Although there are all too many on the peace process circuit who get a frisson from the whiff of cordite, I am not among them. Although I have two close friends who were once terrorists, there is nothing romantic about the way they view their violent past; they are both obsessed with trying to save the young from following in their bloodstained footsteps.
I am outraged that fashionable spokesmen for paramilitary groups who hate each other make common cause against those boring old constitutionalists who want weapons decommissioned; and no amount of peace-and-vision rhetoric will convince me that any decent person should ever vote for Gerry Adams, David Ervine, John White or their followers.
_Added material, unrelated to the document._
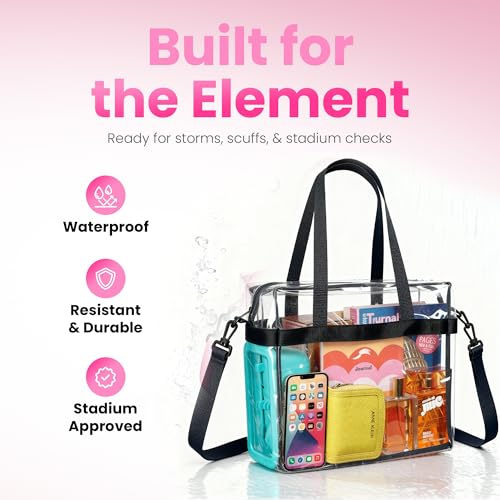 Handy Laundry Clear Bag 12x6x12 Stadium Approved Tote, Zipper Strap - color: Black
Against a backdrop of a phoenix arising from the ashes, the republican leadership boast that they have lifted their people off their knees. The truth is rather that in their fiefdoms, 30 years of murder and thuggery have caused enormous suffering to an increasingly brutalised Catholic underclass. Republican paramilitaries killed more Catholics than did loyalists and the security forces combined, while their propagandists instilled in their community a preposterous sense of victimhood: not so much the Chosen People as the Most Oppressed People Ever. It is hardly surprising that those at the bottom of the heap wonder why their loved ones died or spent their youth in prison so that Martin McGuinness could be a minister in Stormont, and begin to look kindly on the "Real IRA".
But if republican ghettos are bad, their loyalist equivalents are infinitely worse, for there is also the underlying nihilism that emerges when a community's identity is under threat. To wander about the Shankill Road and its environs is to appreciate the devastation wrought by well-meaning people in Dublin and London who understand nothing of this vulnerable community, yet who daily take decisions that make its members' condition worse by further eroding their sense of self. Every assault on British symbols adds to the sense of fear and insecurity that helps the violent to flourish.
As someone from a Dublin Catholic background who has spent a great deal of time among Northern Ireland Protestants, I am constantly horrified by the sheer scale of the ignorance of British and Irish officials and politicians about the majority of those people whose lives they attempt to control.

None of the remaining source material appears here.